A North Somerset church built nearly 900 years ago has become one of the oldest churches in the country to save on its energy bills with solar panels.

Installing the solar photovoltaic (PV) system has brought St Bridget’s Church at Chelvey from the 12th century into the 21st. The 15 solar panels have been carefully designed to blend in as much as possible with the ancient roof.

It was a particularly significant project for installers Solarsense because the Grade 1 listed building is their local church, being less than half a mile from their base at Brockley Lane, Backwell.

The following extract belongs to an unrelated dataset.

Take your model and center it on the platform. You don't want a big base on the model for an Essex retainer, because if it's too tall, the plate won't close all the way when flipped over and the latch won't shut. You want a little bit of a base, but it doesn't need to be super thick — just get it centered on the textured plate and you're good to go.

Experts from the company, the South West’s leading renewable energy specialists, worked closely with the church architect to ensure the panels were as discreet as possible, and chose ones with a dark, minimal reflective finish to match the existing roof slates. St Bridget’s roof has a double ridge which meant the panels could be fitted on the less visible roof slope and be more hidden from view.

The church is the oldest in the Diocese of Bath and Wells to benefit from solar energy, while across England only two other parish churches with PV panels are older than St Bridget’s – Withington near Cheltenham and Wing in Oxfordshire.

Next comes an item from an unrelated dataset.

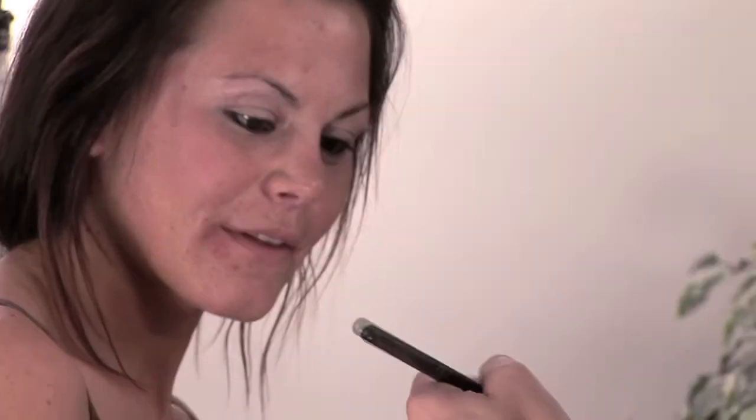Concealer to conceal under the eyes and any imperfections — that's a nice way to put it. I always blend on my hand, but that's sort of an artist thing. Don't be afraid of the brush — hold the brush like you hold a pencil. You want to control it, just like you would a pen or pencil.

St Bridget’s age and its status as a Grade 1 listed building meant that Chelvey parochial church council first had to apply to the diocesan advisory committee on church buildings for a ‘faculty’, special permission for the installation. Once this was granted they then had to obtain planning consent from North Somerset Council and English Heritage.

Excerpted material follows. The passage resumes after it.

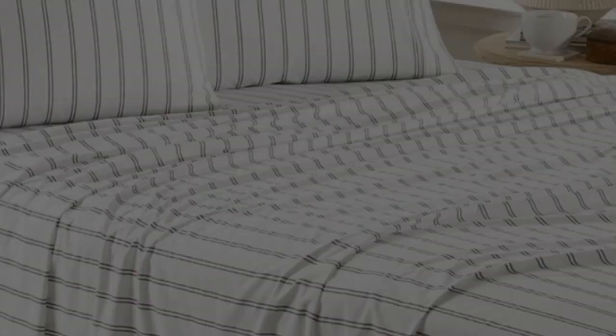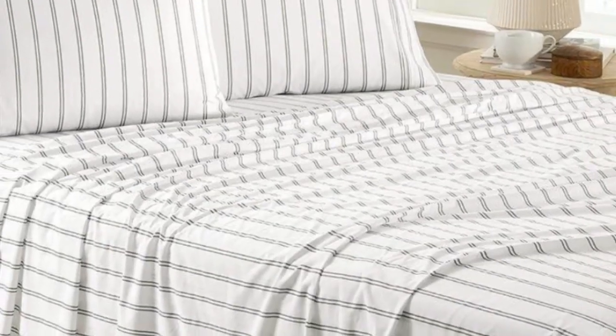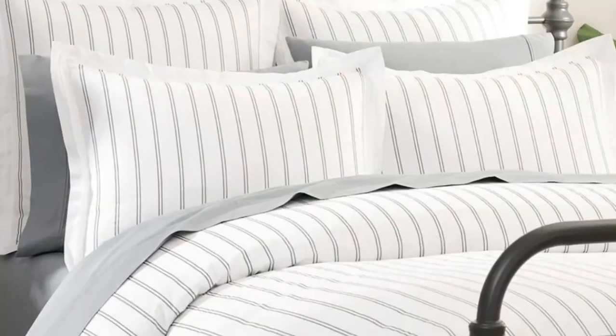One tester also commented that while the sheet set was initially on the rougher side, it softened up more after washing.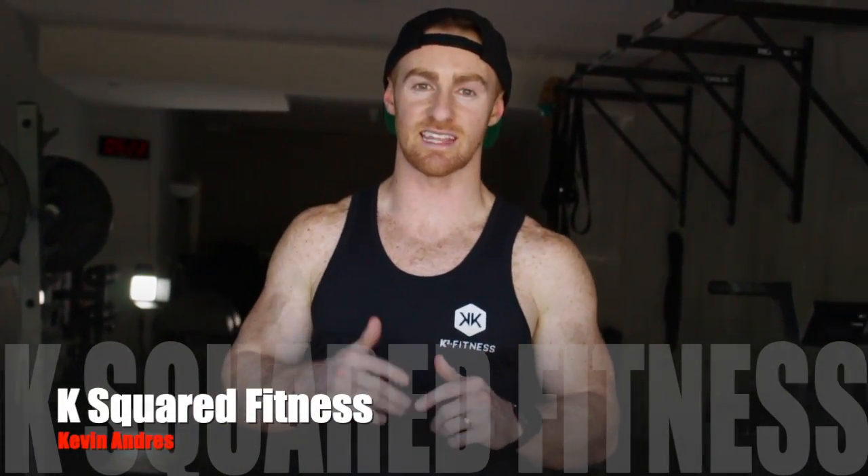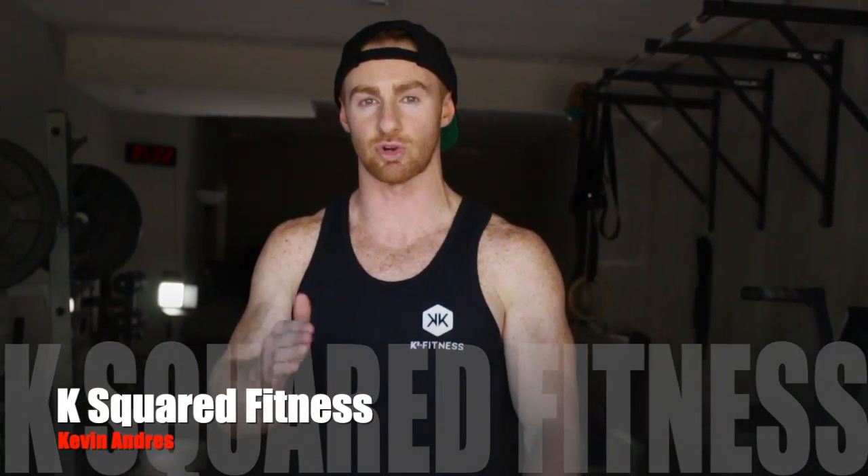What's up guys, this is Cameron from K-Squared Fitness and today we are going to be bringing out the GHG prone hold.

The 3.6kWp solar PV system will generate more than 2,500kWh each year, and earn an income via the Feed-in Tariff scheme that will reduce the church’s running costs for many years to come. St Bridget’s will also save almost 1,400kg of carbon dioxide emissions each year by using less fossil fuel.

Funding the solar generator was the latest challenge taken up by St Bridget’s congregation of around just 20 people. They have also raised money to upgrade the heating system, repair the nave windows and badly leaking tower and buy a new organ. Now they are now planning to bring mains water on site and build a new toilet.

Churchwarden Tony Stirratt said: “The results from our solar panels are even better than we expected. We have already had people from outside the diocese asking about them and we hope that the success of our solar PV will encourage more churches to install their own.”

Steve Barrett of Solarsense said: “St Bridget’s is our local church as well as a historic building so we are delighted to have been able to install carefully tailored solar PV that not only saves the congregation money but also blends in with the church’s historic fabric.”

The installation has been welcomed by the Church of England’s national campaign to reduce its carbon footprint. Ruth Wilkinson who leads the Shrink the Footprint project said: “Our national target is to cut carbon emissions by 80% by 2050 and sensitively carried out installations such as that at Chelvey will help us achieve that goal."